• Assigned task: Set down every line from the one containing "Wohnung mit Aufzug" through the last line of the records below, exactly as written, and leave out the pictures.
START Data records
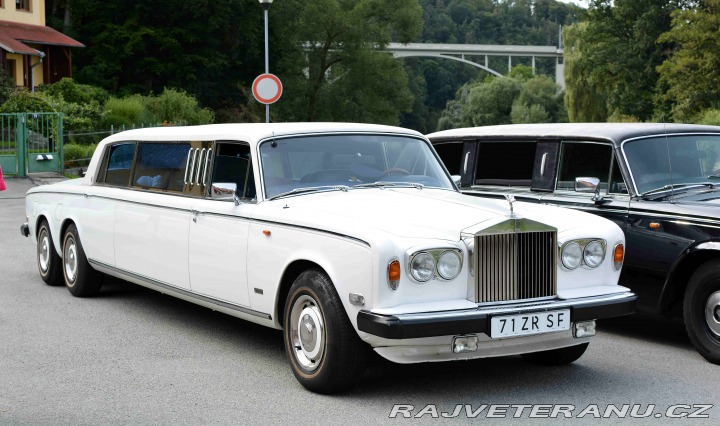 Rolls Royce Silver Wraith šestikolový 1980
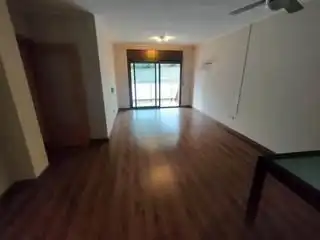Wohnung mit Aufzug zum Verkauf in Lluís companys 8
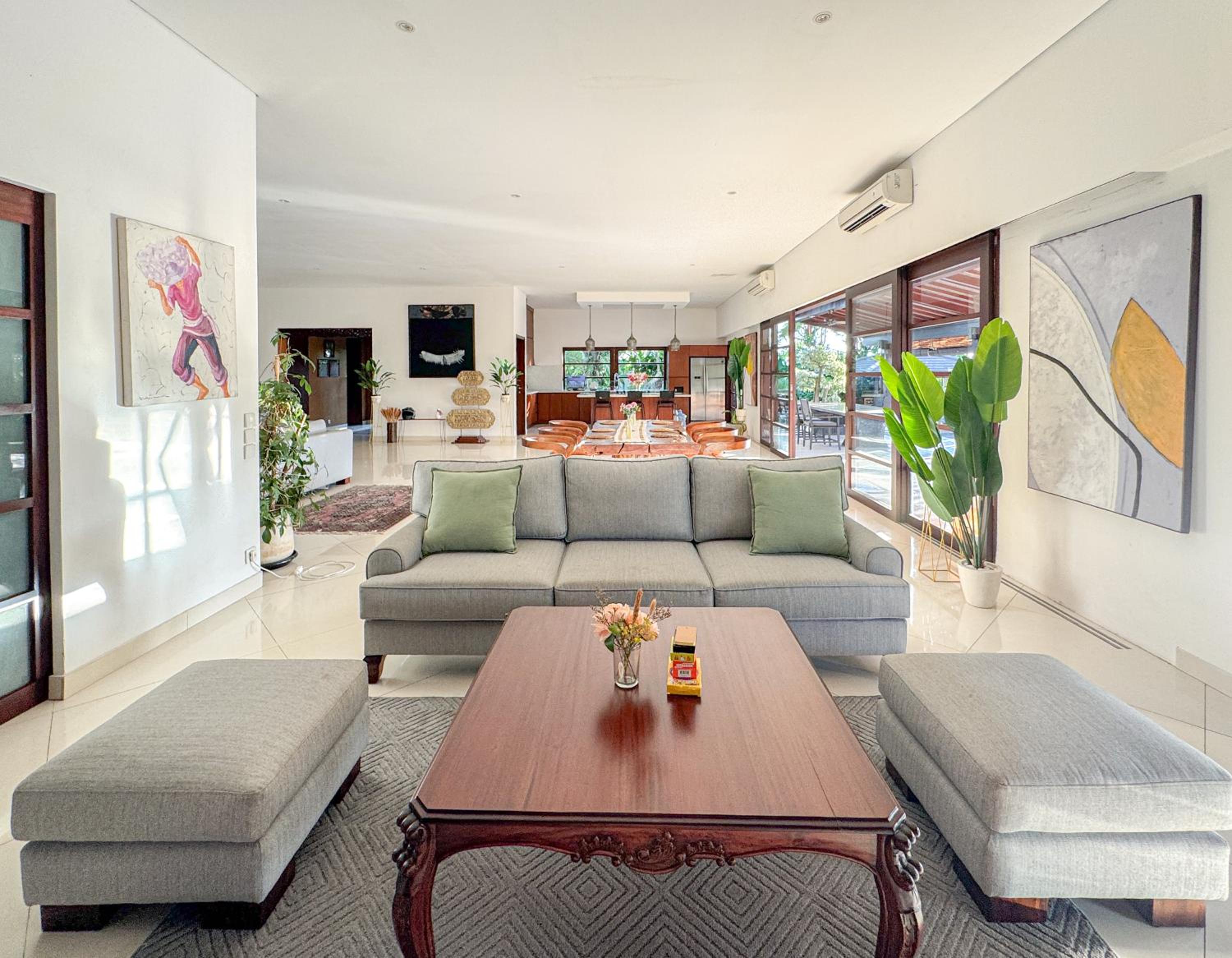 Luxury 4-Bedroom Pool Villa in Canggu - 7 mins to Beach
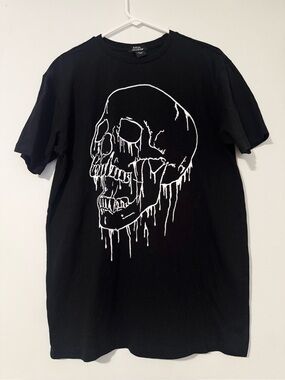 Social Collision Dripping Skull Safety Pin T-Shirt
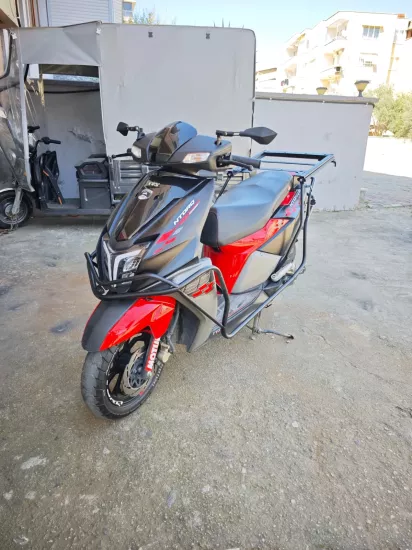 TVS NTORQ KORUMA VE KIZAKLI ÇANTA DEMİRİ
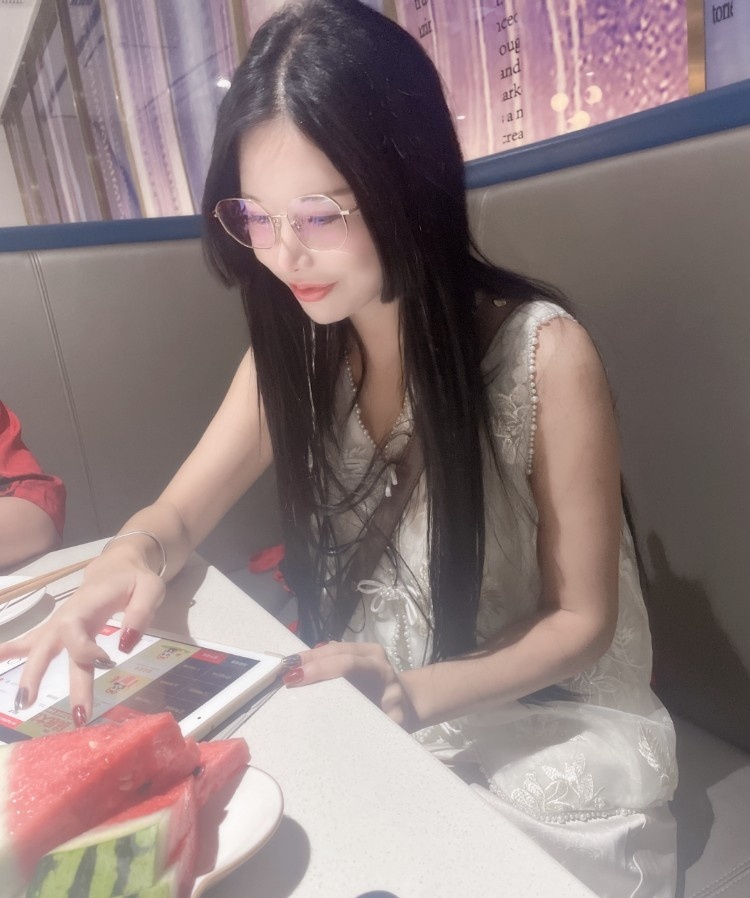 深喉丽丽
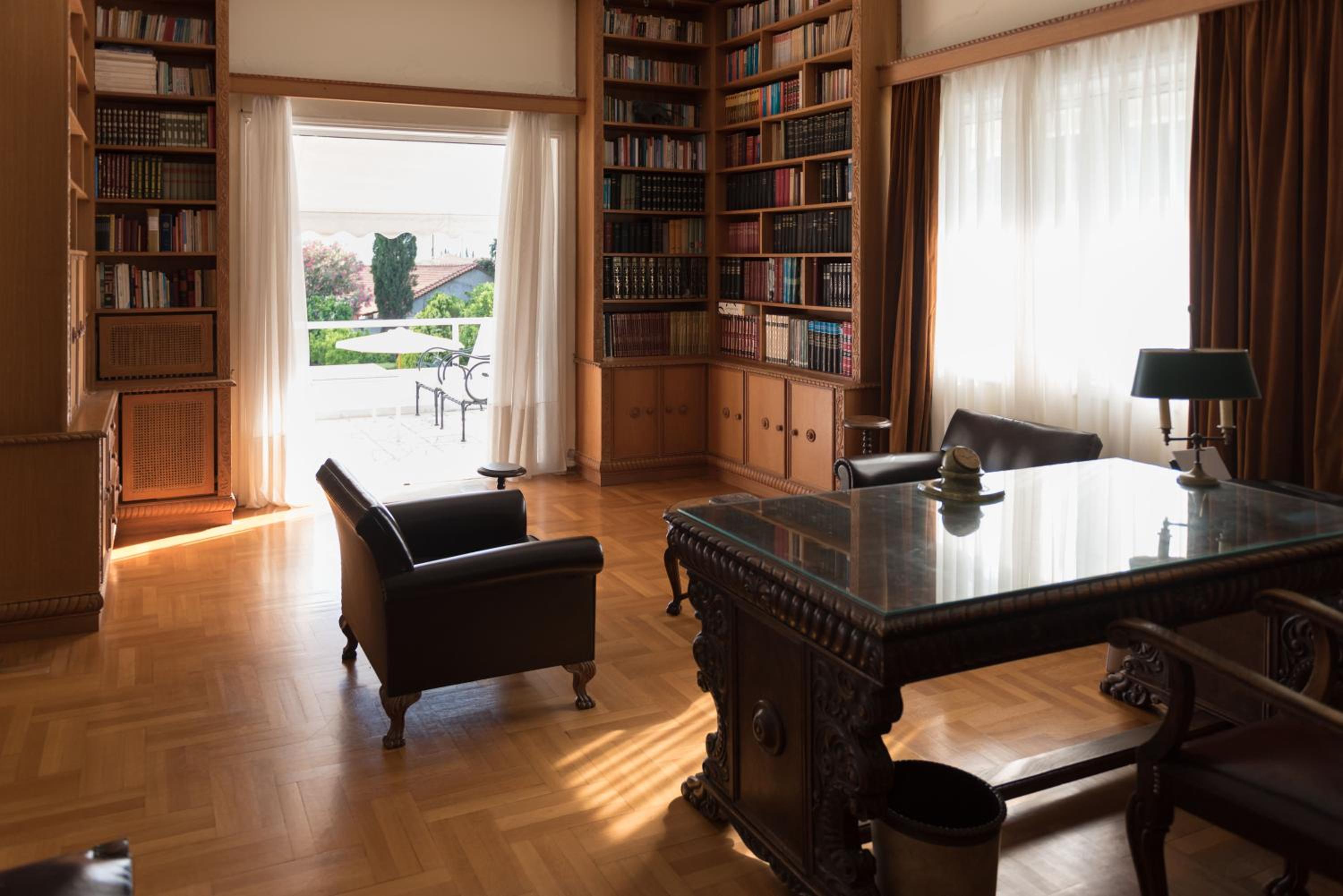 Villa with Private Pool photo 2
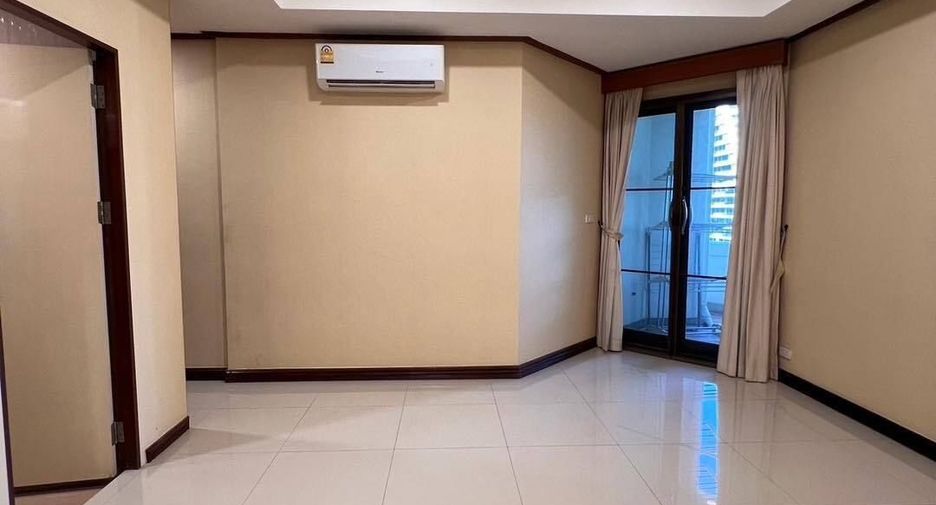 À vendre 4 chambres condo à Watthana, Bangkok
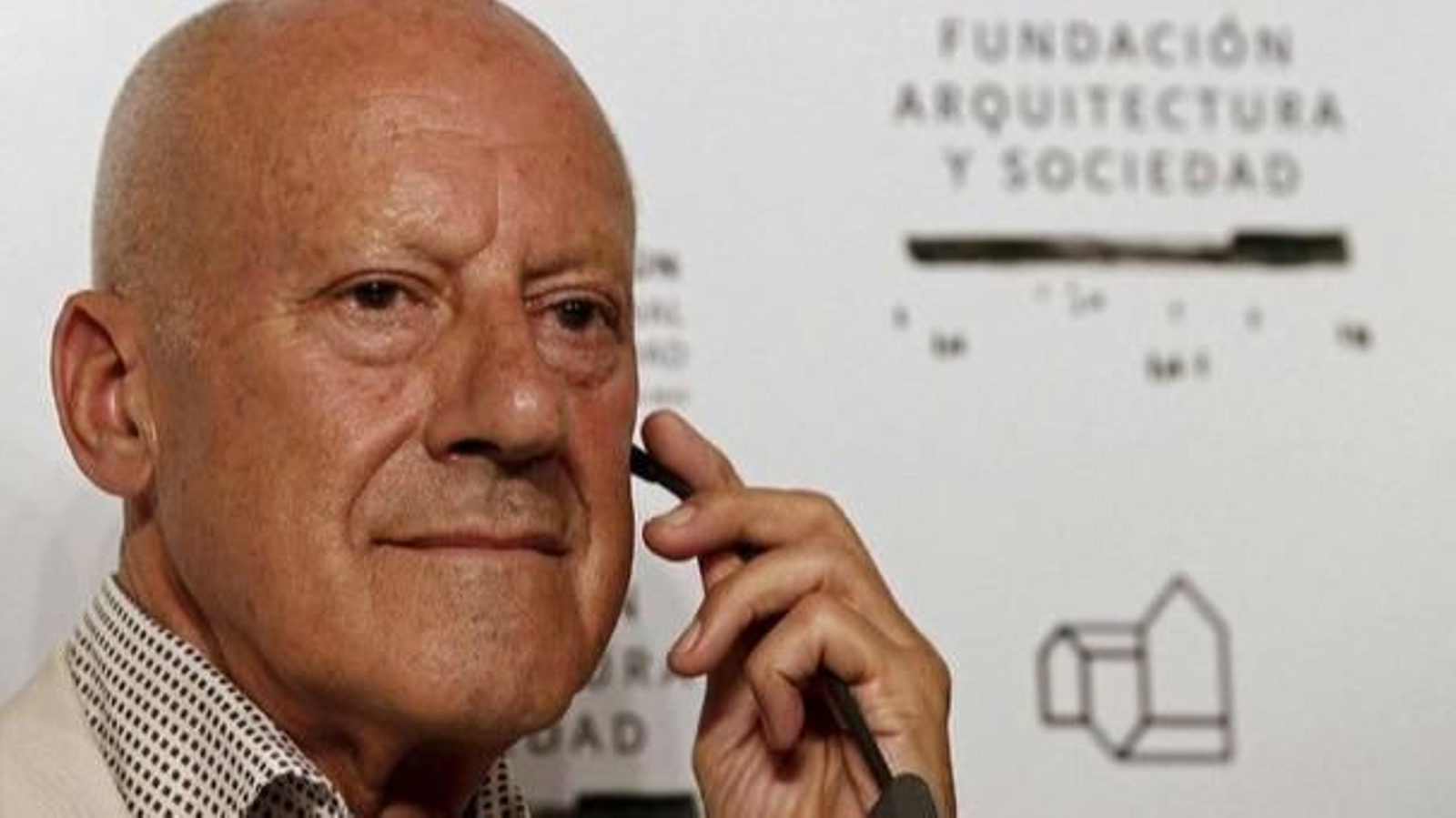 El arquitecto Norman Foster, durante un debate en Pamplona.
END Data records
• Answer section:
Wohnung mit Aufzug zum Verkauf in Lluís companys 8
 Luxury 4-Bedroom Pool Villa in Canggu - 7 mins to Beach
 Social Collision Dripping Skull Safety Pin T-Shirt
 TVS NTORQ KORUMA VE KIZAKLI ÇANTA DEMİRİ
 深喉丽丽
 Villa with Private Pool photo 2
 À vendre 4 chambres condo à Watthana, Bangkok
 El arquitecto Norman Foster, durante un debate en Pamplona.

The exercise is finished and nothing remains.